Barroco lisérgico
El autor habla del interior de la iglesia de San Antonio de los Alemanes
Cuentan que el químico Albert Hofmann inventó el LSD hacia 1938. Pero cuando entras en la Iglesia de San Antonio de los Alemanes compruebas que, con toda probabilidad, los mayores exponentes del barroco madrileño ya lo habían podido probar antes. Tiene su enjundia política: desde su construcción entre 1624 y 1632 fue llamada de los portugueses, pero con la independencia, en 1640, tras sesenta años de asociación ibérica, la cambiaron el nombre. Ante todo, este templo es un viaje. Un piadoso pasote lisérgico que salpica las paredes y el techo. Su austeridad herreriana por fuera despista. No da idea del alucinógeno tripi con que fue decorada dentro gracias a las intervenciones de Francisco Rizzi, que pintó la cúpula, Luca Giordano, que se hizo cargo de las paredes y Francisco Carreño, que ayudó a rematar. Tanta recarga produce una oblicua cargazón de ángeles, mitologías, milagros; una sucesión de volúmenes y colores que desembocan en el desconcierto y remiten a la tendencia que marcó la capilla Sixtina.
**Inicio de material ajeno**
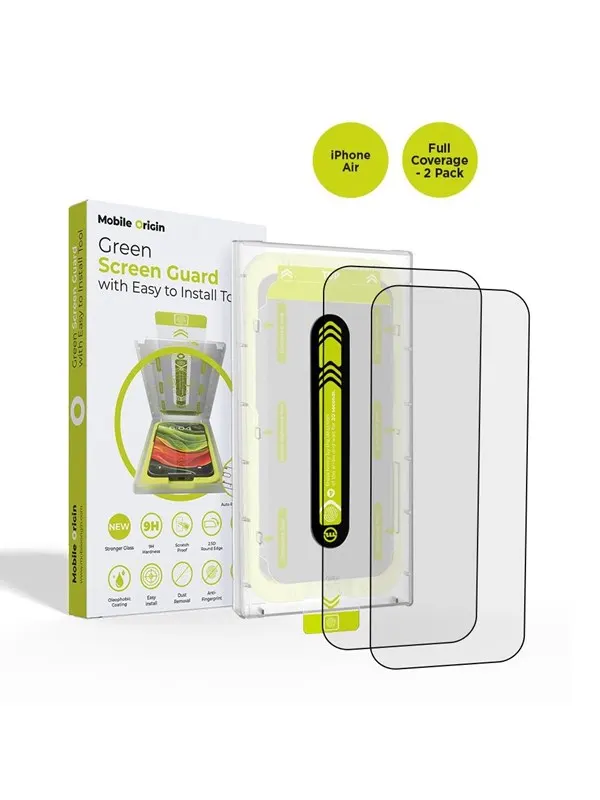 Mobile Origin Screen Guard with easy applicator - full coverage - 2 pack - iPhone Air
Fuera, en la esquina de la calle Puebla y la Corredera baja de San Pablo, bulle el centro de Madrid, entre la proximidad de la Gran Vía y los alrededores de Malasaña, con su presente posmoderno, es decir, descendiente de un barroquismo calórico de santos, paraísos imaginados, extravíos y divisiones frecuentes. Joyas escondidas de este pelaje nos remiten a una historia y un patrimonio vivo que nos advierte con frecuencia, si lo sabemos ver, de dónde venimos. Sin que eso, a menudo, nos indique con claridad hacia dónde vamos.